• [What needs to be done] Reproduce only the lines below from the line containing "long dark root" to the line containing "Focused professional in", exactly as written, with both end lines kept. Omit the pictures.

• [Provided data]
━━━━━━━━━━━━━━━━

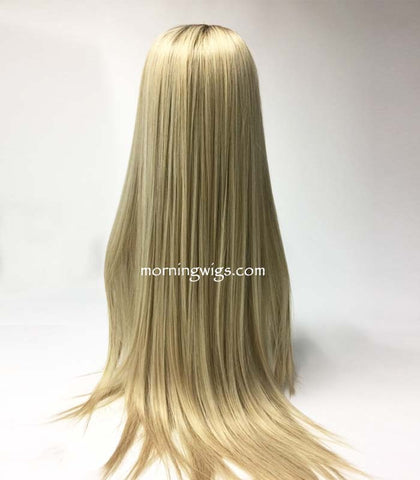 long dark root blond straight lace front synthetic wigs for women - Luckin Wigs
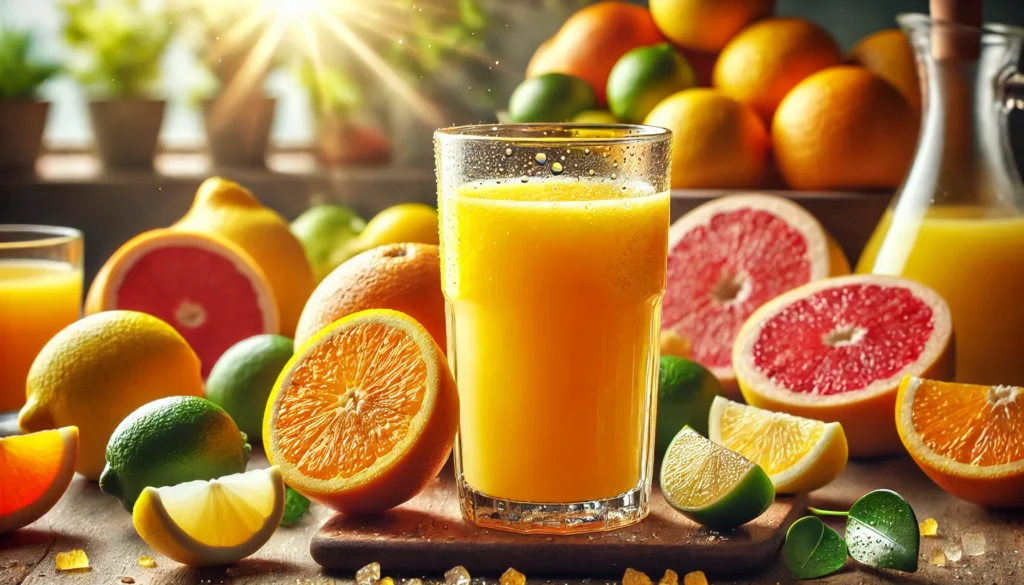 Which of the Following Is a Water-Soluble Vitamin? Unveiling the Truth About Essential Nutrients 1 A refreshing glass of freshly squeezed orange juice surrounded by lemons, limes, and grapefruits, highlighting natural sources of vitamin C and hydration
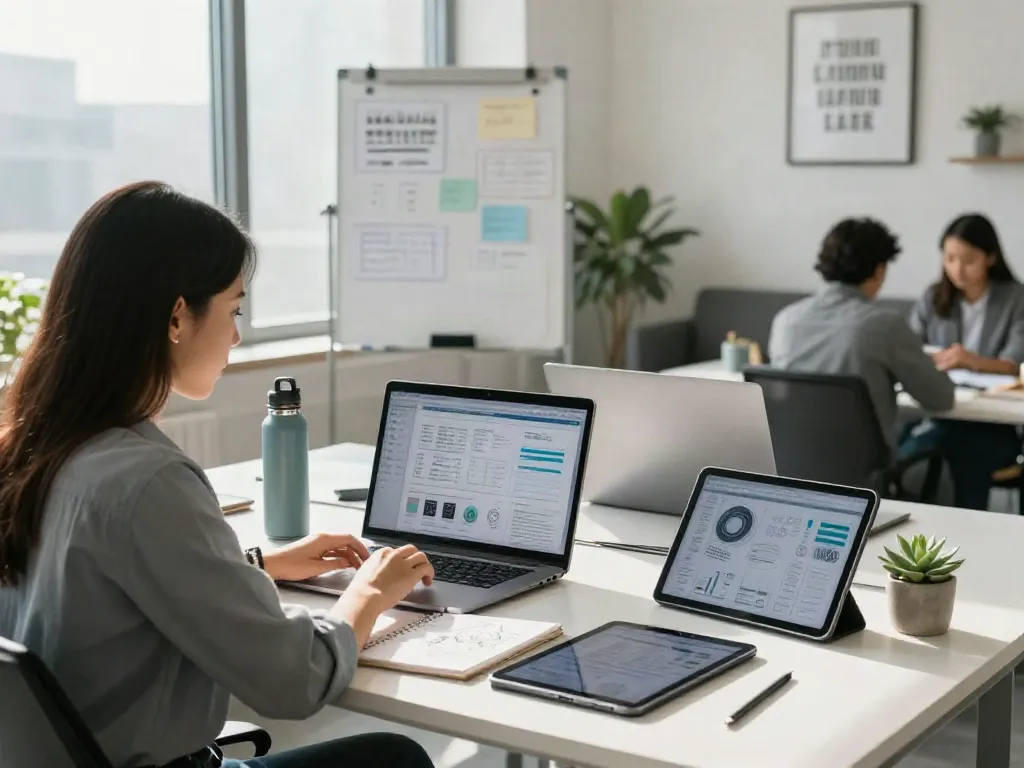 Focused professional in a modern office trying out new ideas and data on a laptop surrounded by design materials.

━━━━━━━━━━━━━━━━

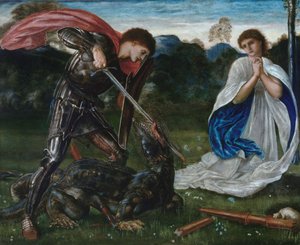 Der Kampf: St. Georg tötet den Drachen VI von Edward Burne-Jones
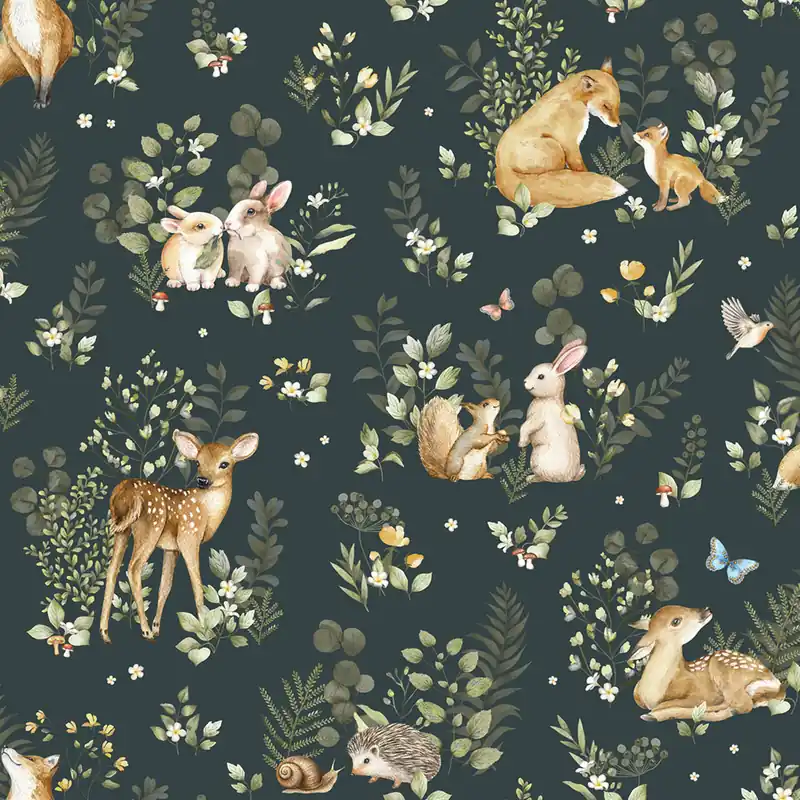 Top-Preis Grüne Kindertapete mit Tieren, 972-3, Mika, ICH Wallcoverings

━━━━━━━━━━━━━━━━

• [Response for this exercise]
 long dark root blond straight lace front synthetic wigs for women - Luckin Wigs
 Which of the Following Is a Water-Soluble Vitamin? Unveiling the Truth About Essential Nutrients 1 A refreshing glass of freshly squeezed orange juice surrounded by lemons, limes, and grapefruits, highlighting natural sources of vitamin C and hydration
 Focused professional in a modern office trying out new ideas and data on a laptop surrounded by design materials.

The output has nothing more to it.